History of SJS: Recurrence risk is higher if exposed to the same drug or trigger.

Complications of Stevens-Johnson Syndrome

If not treated promptly, SJS can lead to severe complications, including:

Infections: Bacterial infections from skin lesions, which may spread to the bloodstream (sepsis).

Organ Damage: Liver, kidneys, and lungs can be affected.

Dehydration and Electrolyte Imbalance: Due to loss of fluids from damaged skin.

Scarring and Disfigurement: Permanent scars on the skin and mucous membranes.

Vision Problems: Severe cases may lead to blindness.

Diagnosis of Stevens-Johnson Syndrome

Medical History and Physical Exam

A detailed history of recent medications or infections is taken, along with a close examination of the rash and mucosal involvement.

Skin Biopsy

A small sample of affected skin is analyzed under a microscope to confirm the diagnosis.

Blood Tests

These may help identify the cause (e.g., infection or drug reaction) and monitor organ function.

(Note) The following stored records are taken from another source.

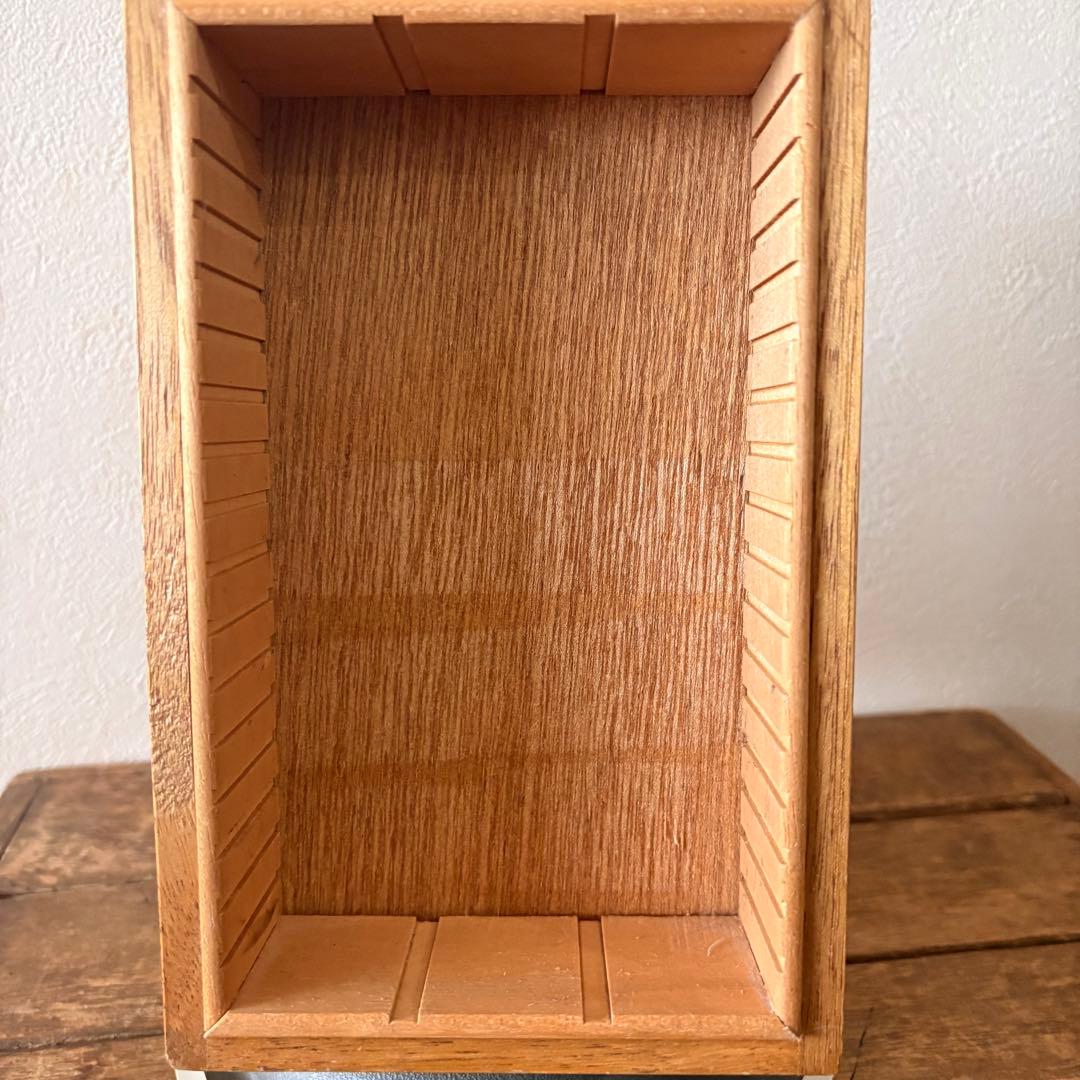 レトロ トナカイ印 印鑑タワー 回転式ゴム印ケース 古道具 ショー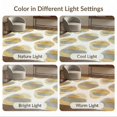 thumbnail image 7 of ODIKA Neutral Para Blended Overlapping Shapes Dining Under Table Tapetes Non-Slip Chair-Friendly for Home Office, Hallway, Laundry Room, 7 of 7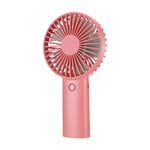 Mini Portable Handheld Fan with 4400 mAh Rechargeable Battery, 3 Speeds Personal Handle Fans Indoor and Outdoor USB Electric Fan for Office Home Sport Camping and Travel, Ultra Quiet (Coral Red)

Treatment of Stevens-Johnson Syndrome

SJS is treated in a hospital setting, often in an intensive care unit (ICU) or burn unit.

Immediate Steps

Stop the Trigger: Discontinue the suspected medication or treat the underlying infection.

Supportive Care: Includes IV fluids, pain management, and wound care.

Medications

Corticosteroids: Reduce inflammation (controversial in severe cases).

Immune-Modulating Therapies: Intravenous immunoglobulin (IVIG) or cyclosporine.

Antibiotics/Antifungals: If secondary infections develop.

Nutritional Support

Feeding tubes may be required in severe cases where oral intake is difficult due to mucosal involvement.

Prevention of Stevens-Johnson Syndrome

Avoid Known Triggers

Inform healthcare providers about any history of SJS or adverse drug reactions.

Genetic testing may help identify susceptibility (e.g., HLA-B*1502 screening for carbamazepine users in Asia).

Monitor Medication

Take medications as prescribed and avoid self-medication.

Report unusual symptoms, especially during the first few weeks of a new medication.

Stevens-Johnson Syndrome vs. Toxic Epidermal Necrolysis (TEN)

SJS and TEN are part of the same spectrum but differ in severity:

SJS: Affects <10% of the body surface area.

TEN: Affects >30% of the body surface area.

Overlap Syndrome: 10–30% of the body surface area involved.

FAQs About Stevens-Johnson Syndrome

1. Is Stevens-Johnson Syndrome fatal?
SJS can be life-threatening if untreated, with a mortality rate of 5–10%. Prompt medical care reduces risks.

2. Can SJS recur?
Yes, if exposed to the same trigger. Avoiding triggers is crucial.

3. How long does recovery take?
Recovery may take weeks to months, depending on severity and complications.

4. Are there long-term effects of SJS?
Long-term issues may include scarring, chronic pain, vision loss, or psychological distress.

Conclusion

Stevens-Johnson Syndrome is a rare yet severe condition that requires prompt diagnosis and medical care. Identifying the trigger and providing supportive treatment are key to improving outcomes. If you or someone you know develops unusual skin symptoms after taking medication or an infection, seek medical attention immediately.